Merci à vous de me permettre de vous présenter les conclusions du rapport que j'ai remis hier à François Fillon, dont la lettre de mission qui m'engageait à une réflexion sur l'avenir de la zone euro portait deux questions. Quelle gouvernance ? Quelles institutions pour assurer une stabilité durable de la zone ?
La situation est paradoxale : l'euro se porte bien, mais la zone euro est en crise. C'est peu dire que l'euro n'a pas répondu à toutes les espérances qui poussaient à hâter le passage à la monnaie unique et prédisaient qu'avec l'euro, l'Europe était appelée à devenir l'espace économique le plus compétitif du monde.

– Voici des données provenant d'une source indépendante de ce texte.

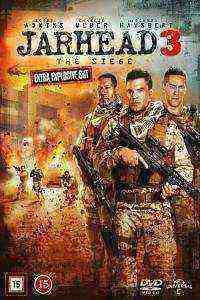 Jarhead 3: The Siege (2016)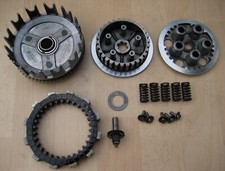 HYOSUNG GA 125 CRUISE ORIGINAL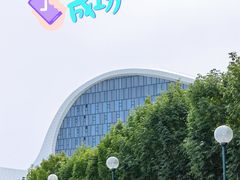 -哈尔滨大剧院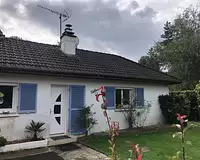 Maison, 85,7 m²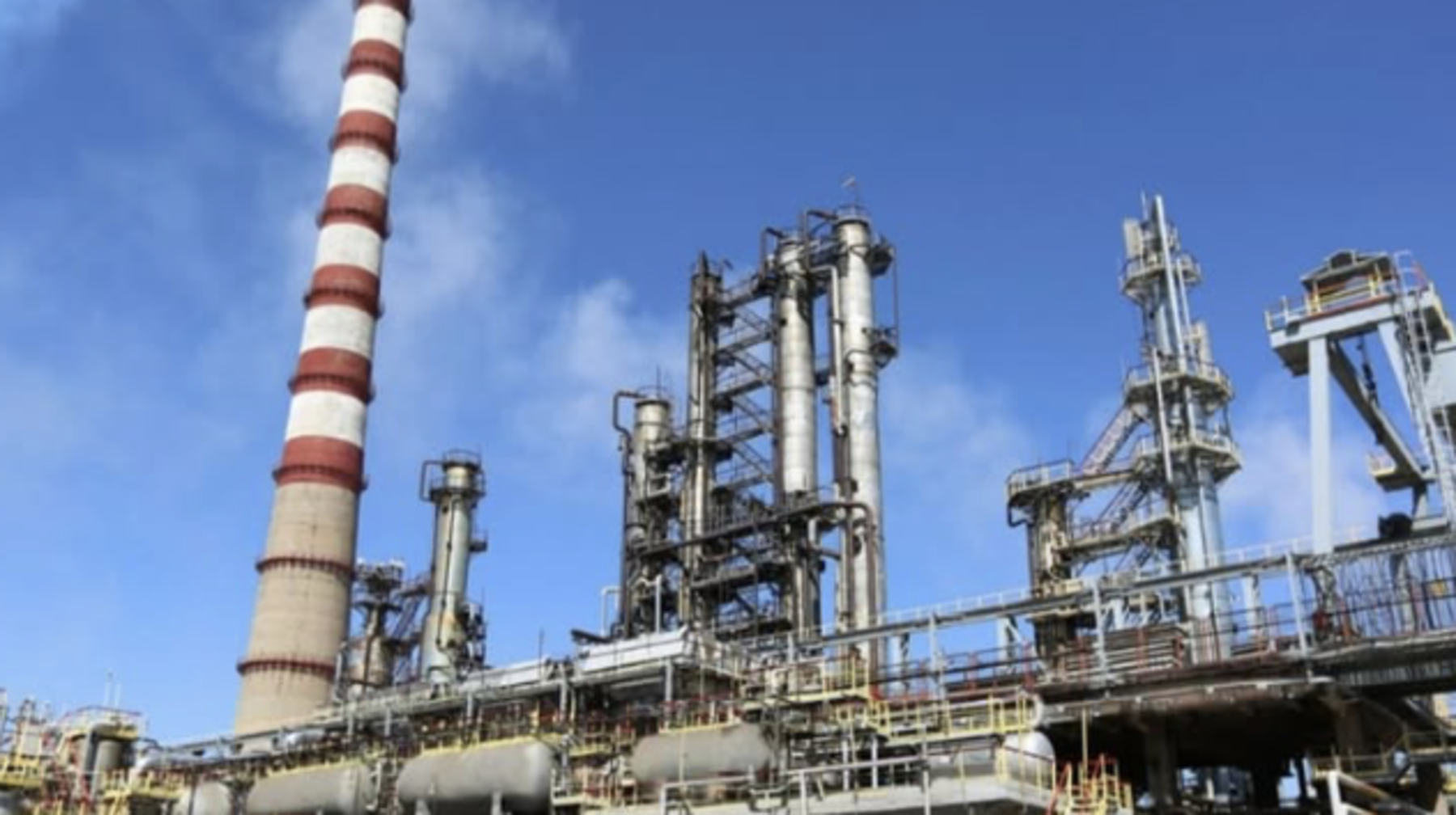 Қазақстан мұнай өңдеуді дамытудың ұзақмерзімді стратегиясын жүзеге асыруда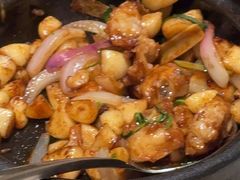 -茉里粤菜(皇姑万象汇店)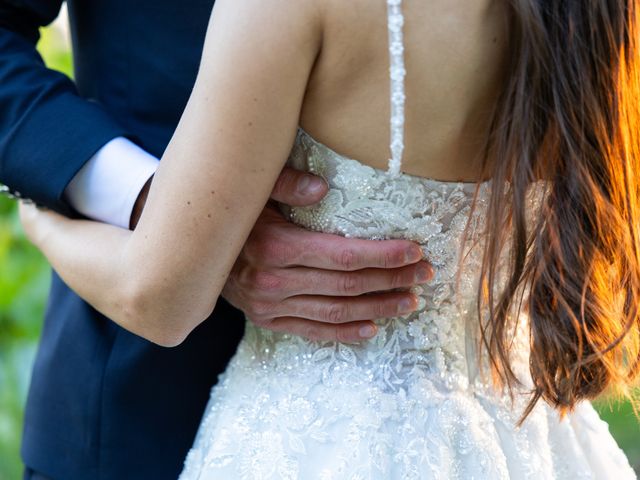 Il matrimonio di Paolo e Serena a Brescia, Brescia 157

Quelle déception aujourd'hui !
Certes, la monnaie unique a mis fin au jeu des dévaluations compétitives entre les pays de la zone. Dès lors que l'on s'engagea, la voie de l'approfondissement politique restant fermée, vers l'approfondissement du marché unique, l'instabilité des monnaies posait, de fait, problème. La monnaie unique fut la parade. Mais, en l'absence de gouvernance, l'attelage de départ resta fort léger : on se dota d'un simple règlement de copropriété de l'euro.
Pour des États qui acquittaient des taux d'intérêts très élevés, comme la Grèce, ce fut un desserrement. S'ouvrit alors une époque d'euphorie qui a masqué, sous une apparence d'équilibre d'ensemble de la balance courante européenne, de fortes disparités entre Etats. Une époque où l'on n'hésita pas - à commencer par l'Allemagne et la France - à faire fi du pacte de stabilité et de croissance ; une époque où tel président de la Commission n'hésitait pas à qualifier ce pacte de « stupide », où tel ministre des finances estimait que l'on avait « autre chose à faire » que de s'en préoccuper, où tel ministre de la Défense considérait que les crédits de la défense nationale, ou de la recherche, pourraient bien être retirés du périmètre. Epoque où la Commission européenne se montra fort accommodante, et renonça à la surveillance, sous la pression du Conseil des chefs d'État et de gouvernement, où les marchés eux-mêmes furent pris par l'illusion ambiante. Bref, l'euro faisait office de sédatif.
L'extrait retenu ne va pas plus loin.